Short web captions
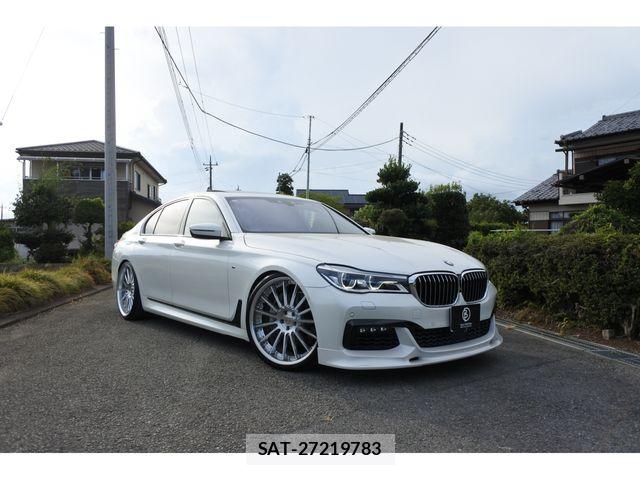 Bmw 7 SERIES 2017-08 8364943-0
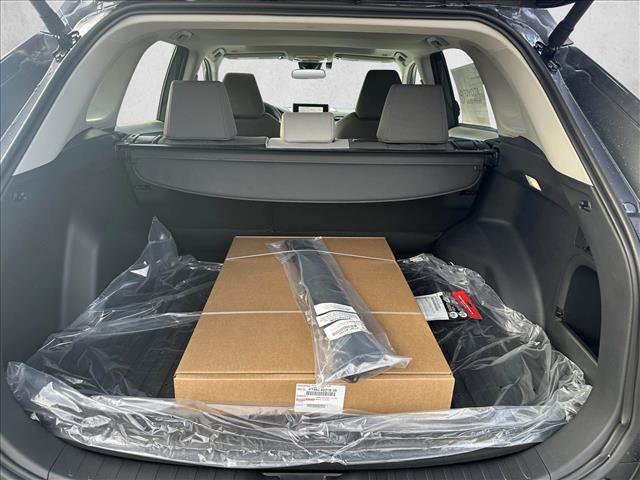New 2025 Toyota RAV4 XLE image 8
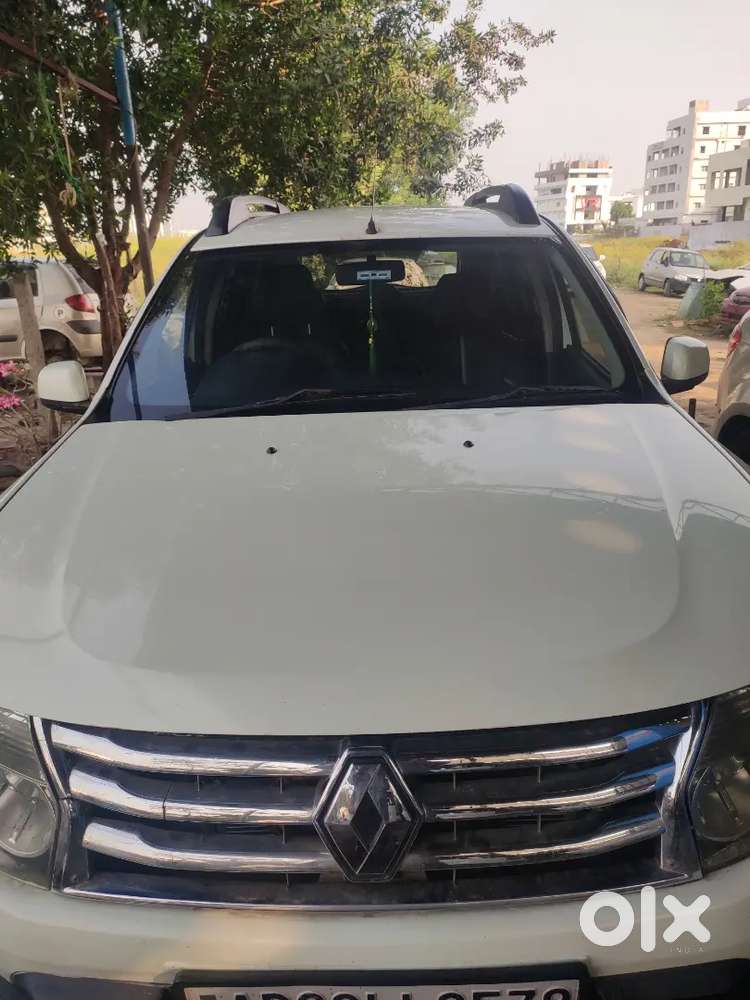 Renault Duster Diesel Manual 2013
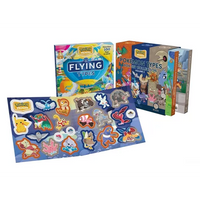 Pokémon Primers Type Box Set Collection, Volume 3: Fighting, Flying, Rock - Paperback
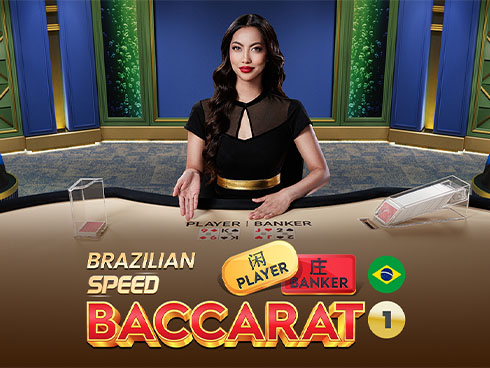 Brazilian Speed Baccarat 1 Cover Image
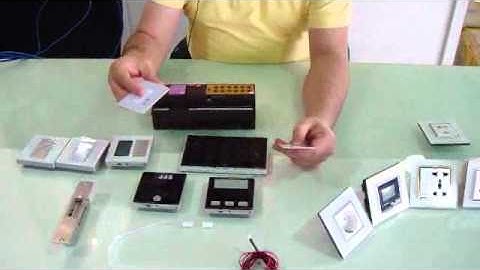 Smart Hotel GRMS Ingredients By Smart-BUS G4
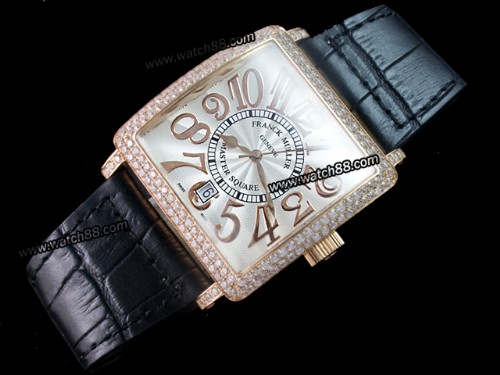 Franck Muller Master Square Automatic Mens Watch,FRA-04020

• Task brief
Give the records back exactly, with no pictures.

• Written answer
 Bmw 7 SERIES 2017-08 8364943-0
New 2025 Toyota RAV4 XLE image 8
 Renault Duster Diesel Manual 2013
 Pokémon Primers Type Box Set Collection, Volume 3: Fighting, Flying, Rock - Paperback
 Brazilian Speed Baccarat 1 Cover Image
 Smart Hotel GRMS Ingredients By Smart-BUS G4
 Franck Muller Master Square Automatic Mens Watch,FRA-04020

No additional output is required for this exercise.